After going on a Taglit-Birthright trip with 40 students from Johns Hopkins University last year, I traveled earlier this summer with 12 other student leaders to the West Bank with J Street U. Since then I've been reflecting on these two very different experiences.
Birthright helped to provide a stronger connection to my Jewish identity. After the trip, I began to take more Jewish studies courses and engage more with Hillel. I took an internship with Hillel's Peer Network Engagement Internship program and started organizing events.
I realize, though, that the Birthright model is not designed to instill a strong sense of responsibility in Diaspora Jews toward Israel. Rather, the program focuses more on fostering a general sense of connection. This often leaves students unable or uninterested in being the "ambassadors" that Birthright so often asks us to be back home.
Birthright prides itself on being apolitical, and, indeed, I learned little of substance about the Israeli-Palestinian conflict. I have heard arguments for why Birthright does not venture into the conflict, and to an extent I understand why. The trip is targeting a broad-based group of people and there's only so much you can do in 10 days.
But I find it unsettling that Birthright takes tens of thousands of young, uninformed Jews to Israel without providing any real briefing or debriefing on pressing societal issues while all the while telling us to go home and "tell the truth about Israel."
We do fall in love with the land, with the food and with the Israelis we meet. We have energizing hikes and lots of fun. Yet Birthright does not prepare us to engage with legitimate and difficult questions back at our college campuses and in our communities.
A few weeks after returning home, I was telling some people about my trip. A peer asked my opinion about the fact that any Jewish person like myself from anywhere in the world can travel in Israel with ease, but there are Palestinians who have been living on the land for generations who must deal with burdensome restrictions of movement. I had no idea what to say. I didn't even know what checkpoints were.
"It's the Jewish homeland?" I replied meekly, frustrated with my own ignorance. Not only wasn't I able to defend Israel to people who challenged it, but I felt embarrassed and confused.
In contrast, while at times on the J Street U trip I felt uncomfortable by the Israel I saw, I left feeling deeply committed to its future. I saw Israel not simply as a place to which I wanted to return but as a story of which I wanted to be a part.
On the J Street U trip, we met with Israelis from Sederot and Netiv HaAsara who regularly face the threat of rockets from Gaza, as well as Holocaust historians from Yad Vashem, an Israeli scholar specializing in delegitimization issues, leaders of the Palestinian Authority in Ramallah, university students, settlers in Gush Etzion, human rights activists and Palestinian citizens of Israel.

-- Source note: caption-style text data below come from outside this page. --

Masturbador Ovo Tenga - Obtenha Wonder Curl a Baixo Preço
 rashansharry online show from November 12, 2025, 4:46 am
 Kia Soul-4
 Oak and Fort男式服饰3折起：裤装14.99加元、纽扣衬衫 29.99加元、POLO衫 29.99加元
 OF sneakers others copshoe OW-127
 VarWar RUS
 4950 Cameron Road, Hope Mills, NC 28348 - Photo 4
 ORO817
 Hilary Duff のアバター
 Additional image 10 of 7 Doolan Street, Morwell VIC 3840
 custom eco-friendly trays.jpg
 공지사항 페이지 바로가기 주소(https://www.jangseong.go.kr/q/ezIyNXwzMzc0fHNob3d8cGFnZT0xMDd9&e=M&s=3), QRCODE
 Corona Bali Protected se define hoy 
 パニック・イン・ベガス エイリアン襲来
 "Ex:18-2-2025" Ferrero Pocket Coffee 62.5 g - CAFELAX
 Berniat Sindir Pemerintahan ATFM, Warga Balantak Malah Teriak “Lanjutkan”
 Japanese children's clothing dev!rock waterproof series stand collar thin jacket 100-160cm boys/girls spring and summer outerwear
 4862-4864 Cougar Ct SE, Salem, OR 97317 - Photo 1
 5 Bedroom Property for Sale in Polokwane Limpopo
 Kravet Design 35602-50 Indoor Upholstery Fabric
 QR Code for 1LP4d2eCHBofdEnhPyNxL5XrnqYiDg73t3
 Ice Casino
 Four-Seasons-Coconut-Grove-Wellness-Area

We met with two-staters, one-staters and those who advocate for a constitutionally enforced binational state. We met with Palestinians and Jews living in the segregated city of Hebron. We wrestled with the role of Diaspora Jews. At the end of it all, we emerged exhausted, intellectually humbled and more motivated to work to help Israel. I still love Israel, but confronting the challenging parts of the country compelled me to have a much deeper sense of responsibility.
If those same students from last year ask me questions now about Palestinian freedom of movement, I'm not sure I would have all the answers. But I'm ready to seriously engage and grapple with the ideas.
I am not suggesting that Birthright start distributing talking points on the conflict during its trips. But I am recommending that it provide opportunities for participants to struggle and engage with Israel's real issues. Don't underestimate us. Then maybe we can come home and be responsible ambassadors.
Rachel Cohen, a graduate of Lower Merion High School, is a rising junior at Johns Hopkins University.